* Brief
Could you please transcribe the data exactly, without the pictures?

**** Given information

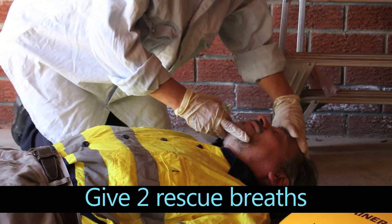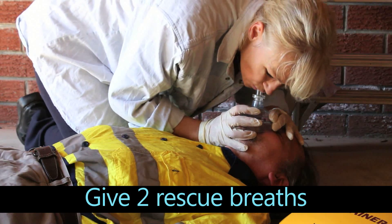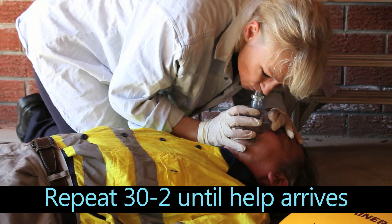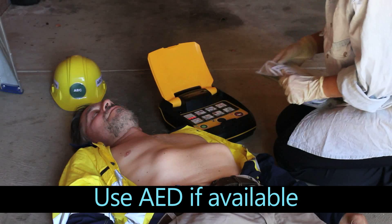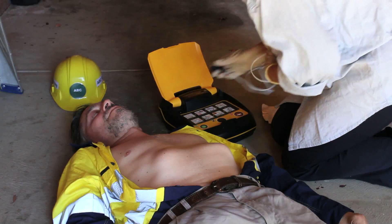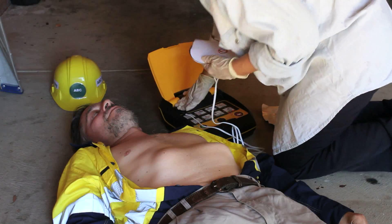Tilt the patient's head back and give two rescue breaths. Continue with CPR until help arrives. If an automated defibrillator is available, turn it on and follow the instructions. Plug in pads, insert connector firmly.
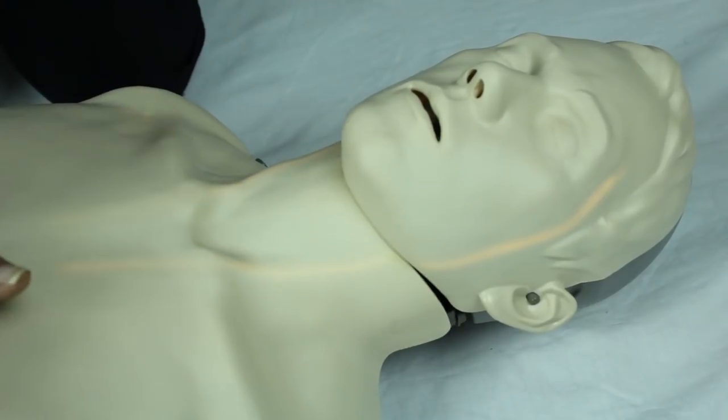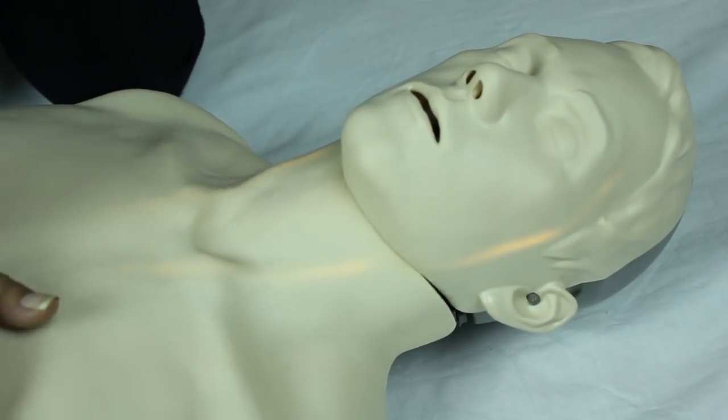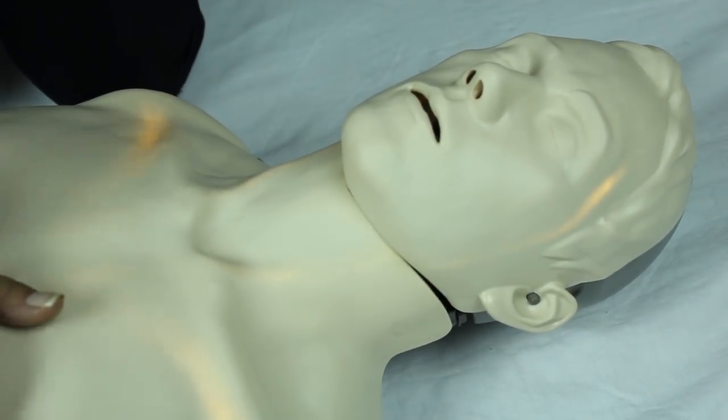The blood circulation indication lights are located along the neck of the mannequin and represent the blood flow from the heart to the brain. The depth and speed of the chest compressions will determine the speed of the blood flow. At the top of the forehead is the normal circulation indication light, which will illuminate when the depth and speed of the compressions are correct.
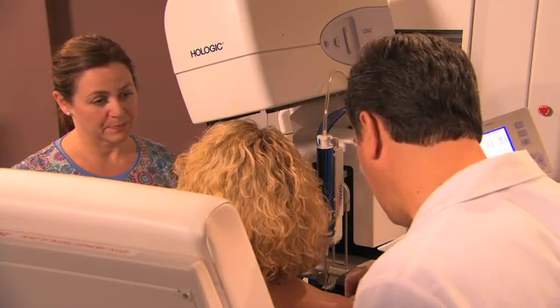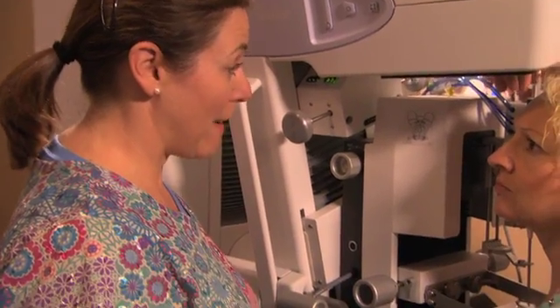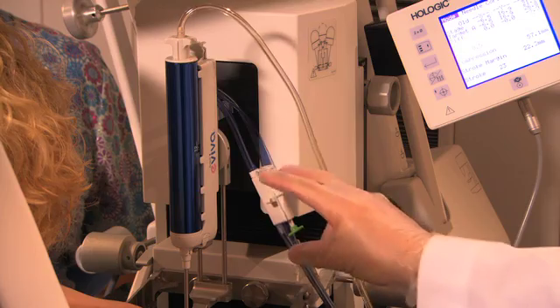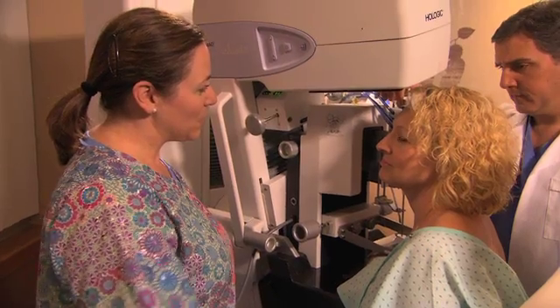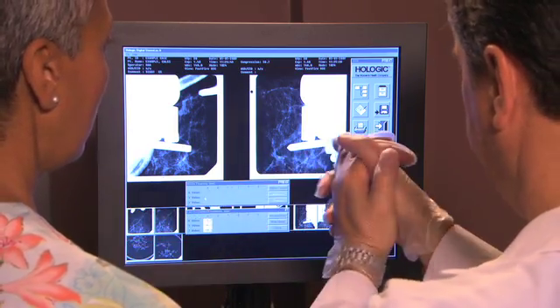Next, they will clean and numb your breast prior to making a small incision. This is the time when it's important to hold very still. Because when the instrument is triggered, you'll hear a noise and you may feel some pressure. This advances the tip of the needle into your tissue, to the exact point where they want to take a sample.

********

* Task response
Tilt the patient's head back and give two rescue breaths. Continue with CPR until help arrives. If an automated defibrillator is available, turn it on and follow the instructions. Plug in pads, insert connector firmly.
The blood circulation indication lights are located along the neck of the mannequin and represent the blood flow from the heart to the brain. The depth and speed of the chest compressions will determine the speed of the blood flow. At the top of the forehead is the normal circulation indication light, which will illuminate when the depth and speed of the compressions are correct.
Next, they will clean and numb your breast prior to making a small incision. This is the time when it's important to hold very still. Because when the instrument is triggered, you'll hear a noise and you may feel some pressure. This advances the tip of the needle into your tissue, to the exact point where they want to take a sample.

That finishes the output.